Nelle valli piemontesi degli anni ‘70 la parabola si completa. La conquista della cima si trasforma nell’arrampicata sulle pareti del fondovalle. I tempi si dilatano e il principio stesso dell’eroe viene vinto dall’autoironia. Nessuna conquista; nessun senso di avvicinarsi agli dei, come credevano gli antichi o come hanno fatto gli alpinisti sotto le diverse dittature; nessuna retorica della sofferenza per la gloria personale o per la patria. Nessuna lapide e nessuna croce di vetta. Solo il sogno, il piacere. La retorica nazionale non parla dei morti in cerca di funghi o di quelli sulle tangenziali ma di quanto costa il soccorso alpino per andare a recuperare chi è andato a ficcarsi nei guai per colpa di un sogno o del piacere dell’inutile. L’alpinismo è accettato come forma di conquista, per portare la bandiera più in alto, croci e madonne più vicino agli dei. È accettato e sponsorizzato se fa notizia, se c’è il record, se c’è la via nuova sulla parete impossibile o se crea l’eroe. Ma non per un’inutile e improduttiva scalata domenicale; non che qualcuno metta in conto dei rischi per qualcosa di inutile e di improduttivo; non che qualcuno accetti di mettere in gioco la sua vita per un sogno o per il piacere fine a se stesso. Le riflessioni sulle morti degli alpinisti variano dal cinico «se l’è andata a cercare» fino all’ovvio «fosse rimasto a casa non sarebbe successo». Eppure il sogno di portare il nostro corpo là dove i nostri occhi hanno guardato continua ad essere un motore potente.

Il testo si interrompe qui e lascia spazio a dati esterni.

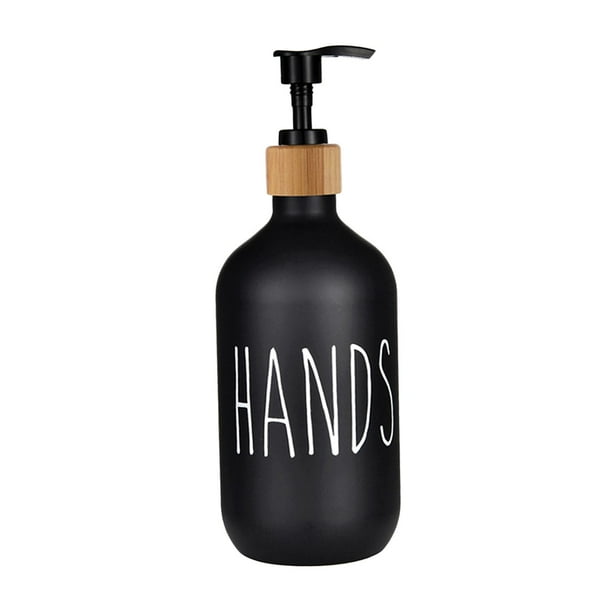 Dispensador de jabón manual reutilizable de 500 ml para encimera de baño. Botella de líquido. manos negras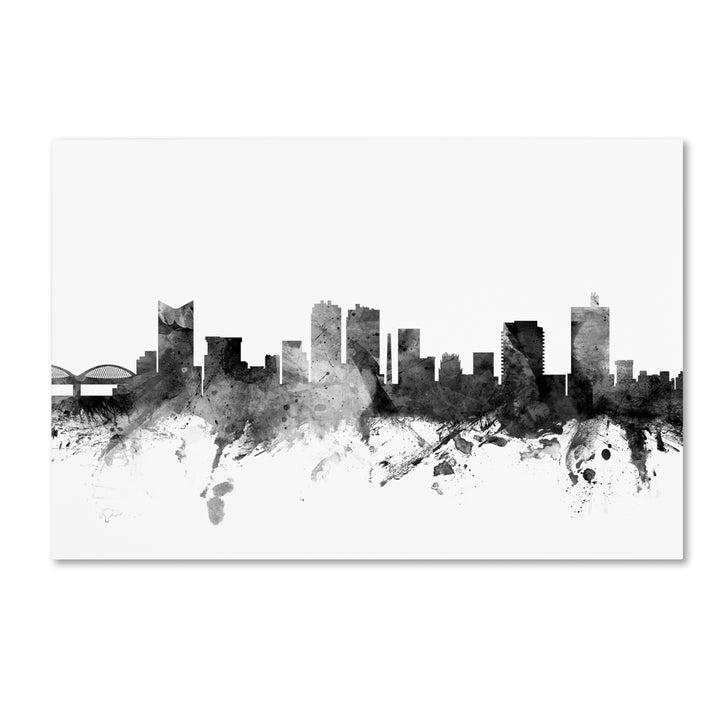 Michael Tompsett Fort Worth Texas Skyline BandW Canvas Art 16 x 24 Image 1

Molto presto gli alpinisti riconobbero l’importanza di un limite da rispettare per poter continuare a alimentare il sogno. Preservare un ignoto, un intoccabile, è parte del sogno. Forse qui, nel senso del limite, nel desiderio che si alimenta preservando un regno che non si può calpestare, mi piace collocare una relazione tra l’alpinismo e Dio: tra l’infinito desiderio e libertà umana di ricercare e la fortunata impossibilità di toccare con una mano gli dei. In mezzo c’è tutto ciò di cui si può godere: l’acqua dei torrenti in giugno e il colore dei boschi in autunno; la solitudine che svuota i pensieri e rigenera la mente e il rumore del vento; l’odore della corda e quello dei prati falciati; la traccia nella neve fresca e il vuoto sotto gli sci; l’attesa del sole che scalda la roccia e smolla la neve prima di scendere. Poi si tolgono gli scarponi e si ritorna nella civiltà.